Wonga also boast that their Google Product Review score is an impressive 4 out of 5 from 61 reviews.
However, they've clearly not been keeping an eye on it as, at the time of writing, they're on 3.5 out of 5 based on 105 reviews from the past 12 months and, looking at their scores overall, 118 out of 213 are for just 1 star.
Selling short term: are Wonga ads ok?
The OFT compliance review found "varying degrees of compliance" with laws on advertising credit.
It also highlighted misleading advertising - for example "no credit checks!", which if it were true would be illegal - and the fact that many firms emphasise speed far more than the cost of borrowing.
Wonga adverts were banned by the Advertising Standards Authority (ASA) in July 2010 and March 2011, in one case partly because the advert did not comply with the law.
A third complaint against the firm in July 2012 was not upheld but only because the ASA considered that Wonga had been advertising the speed of the loan rather than borrowing and that they therefore did not need to display an APR.
That's exactly the issue the OFT highlighted.
In November 2012, the firm apologised after an email claimed that paying for a loan "could do wonders for your credit rating".
Having said that, however, while many raise eyebrows at high profile Wonga campaigns on the tube and with Newcastle United, the firm rightly point out that they do not make any of the most egregious claims uncovered by the OFT.
Wonga have complied with 'point of sale' advertising rules on their website for a long time and actually go beyond those guideline: the 'sliders' on their site handily show the total cost of credit customised for each customer.

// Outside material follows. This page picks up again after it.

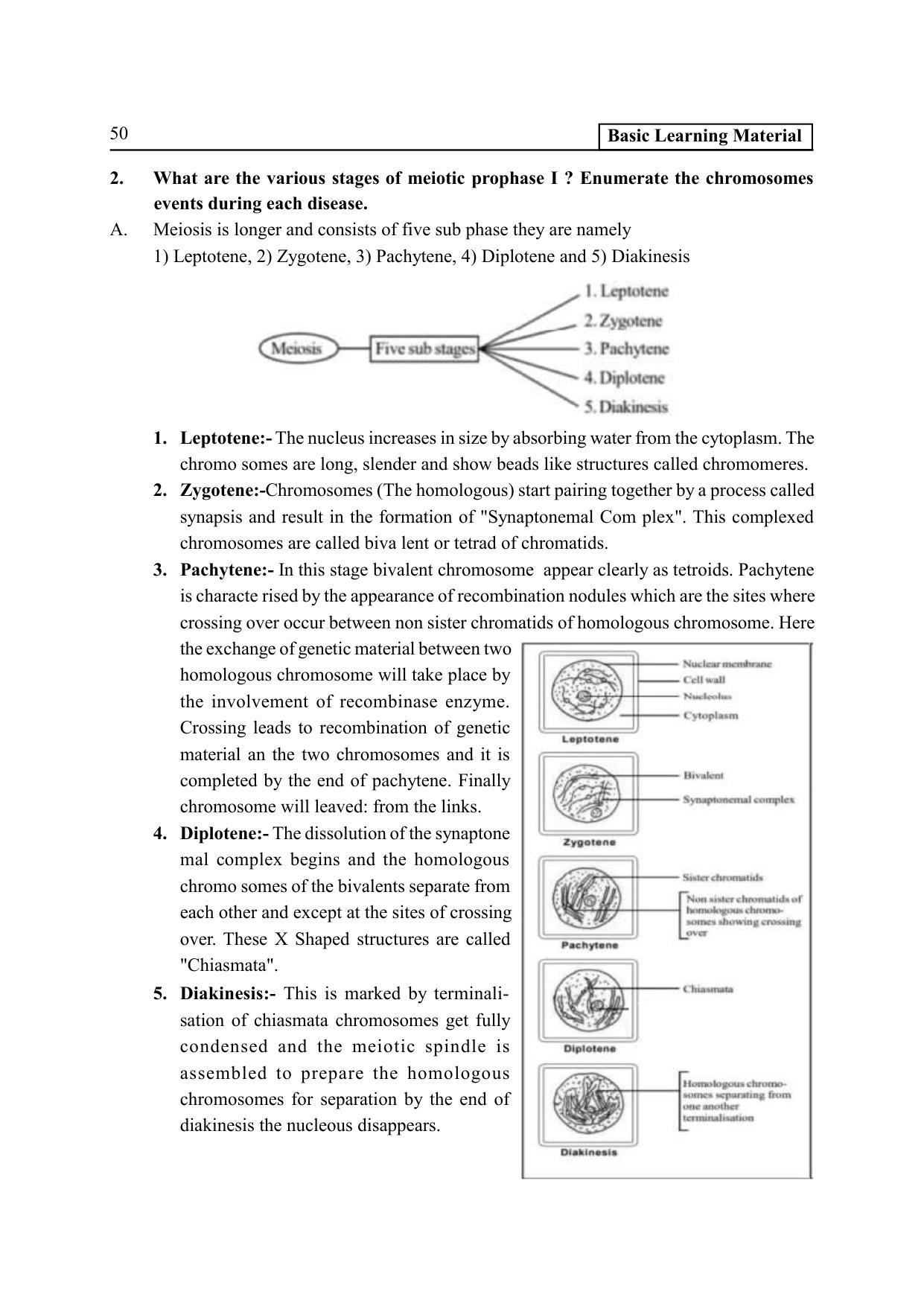 TS SCERT Inter 2nd Year Botany I EM Path 1 (Telugu Medium) Text Book - Page 55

Misleading: "payday loan alternative"
Wonga are under a lot of scrutiny and generally comply both with the law and advertising standards, certainly in comparison with their peers.
But the OFT consider that, "most websites made claims we consider potentially misleading" and, although the OFT don't mention this issue specifically, we can highlight one misleading campaign in particular.

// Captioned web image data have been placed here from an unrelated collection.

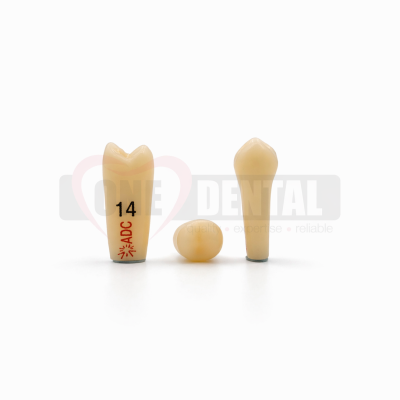 Three artificial dental teeth on a white surface: a tall crown labeled with the number 14, a small rounded tooth model, and a separate root/crown model to the right.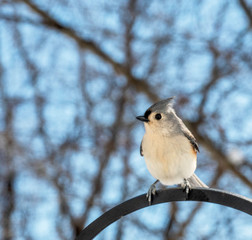 TITMOUSE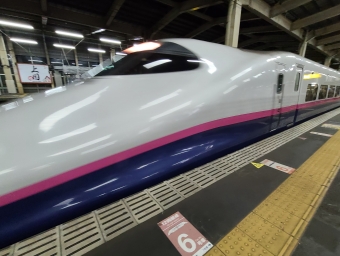 越後湯沢駅から上野駅の乗車記録(乗りつぶし)写真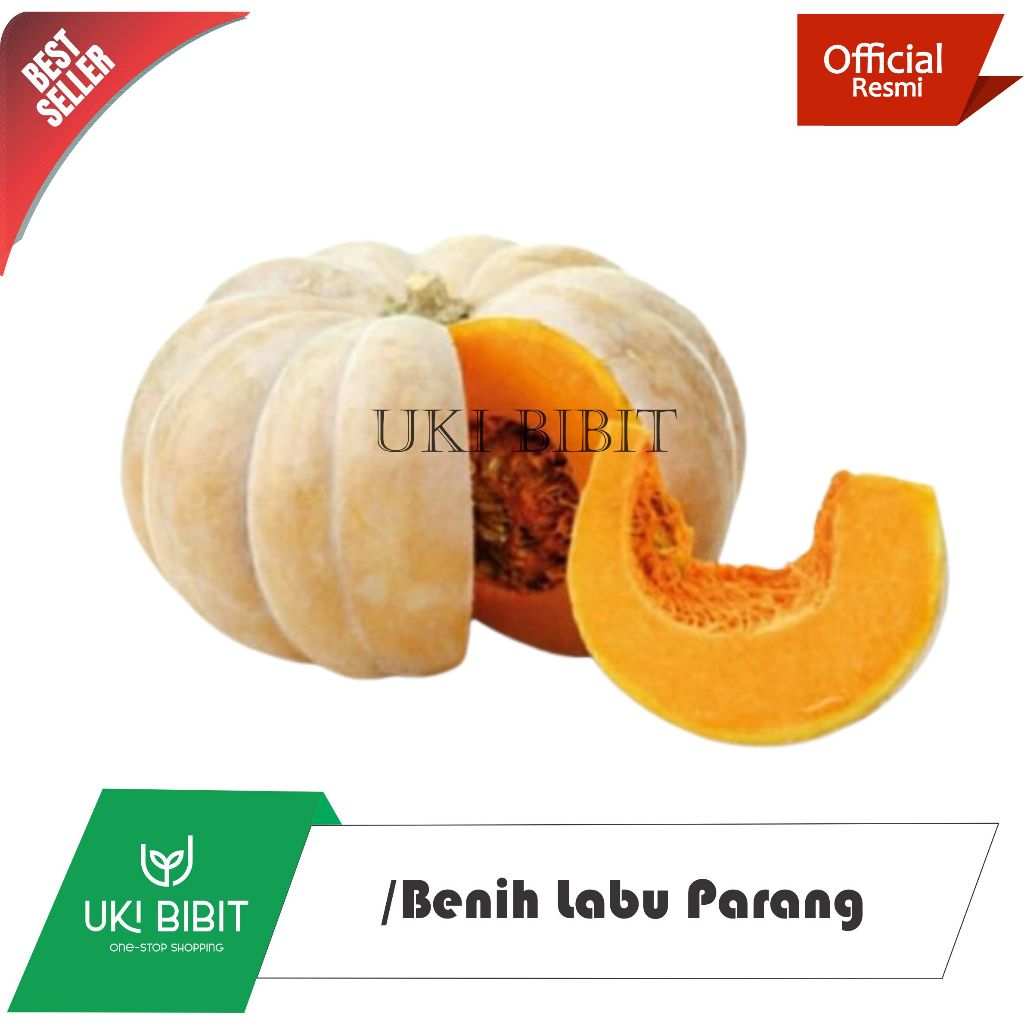 ( 10 Butir ) Benih Labu Parang | Labu Kuning | Waluh Kuning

A current Wonga online campaign is targeting people looking for a "payday loans alternative" with a landing page purporting themselves as an actual alternative to payday loans, as opposed to one of our leading providers of them.
The page even goes on to list "being transparent" as a selling point.

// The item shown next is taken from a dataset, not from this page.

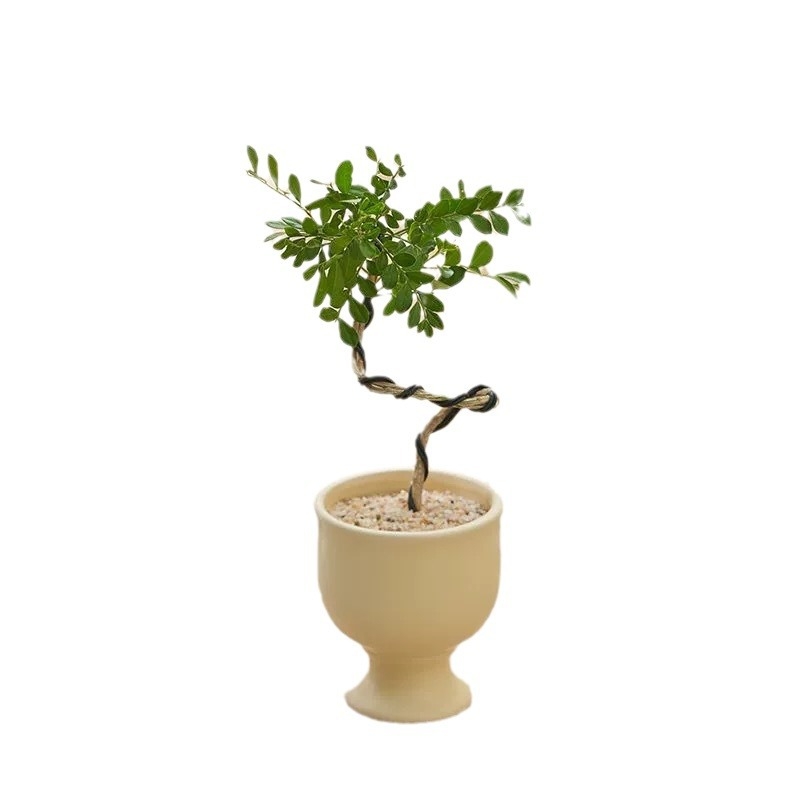 Ghiveci ceramic în stil nordic pentru birou și plante de interior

This is an SEO technique designed to draw in people searching in Google for terms such as 'payday alternatives' and many firms have pages on their sites designed to catch searchers like this (full disclosure: even we have a horse in his race, although our alternatives to payday guide is about credit unions and emergency help).
Wonga could argue that they don't technically lend until 'payday' just for 30 days but, as we've seen above, most of their competitors could say the same.
However, it's not the only time the SEO team seems to have stepped over the line.
In January 2011, a page drew criticism for targeting the term 'student loans' and seeming to suggest that a Wonga loan could supplement student income.
As we said, Wonga are not alone in this grey area, and it's not the worst advertising in the world, but it's not transparent either.
Are they different?
Wonga are different to most payday lenders: they're more well known, advertise aggressively and are the only payday lender to run their own PR site dedicated to righting misunderstandings about the company.
They also have different origins than most payday firms. They have specifically sold themselves as an online lender, part of a movement away from the high street. They were even in Wired once looking start up-y.
In the specific case of the OFT review, however, Wonga are not significantly different from their peers.
All of the issues the OFT bought up affect Wonga to some extent.
Yes, Wonga have a better record than many on loan extensions, compliance with advertising laws and customer satisfaction in general.
But there are still serious question marks over the company's ability to handle serious complaints, fairly collect debts and advertise in a non misleading way. From a basic consumer perspective, they charge the same amount - maybe even a little more - than similar payday firms.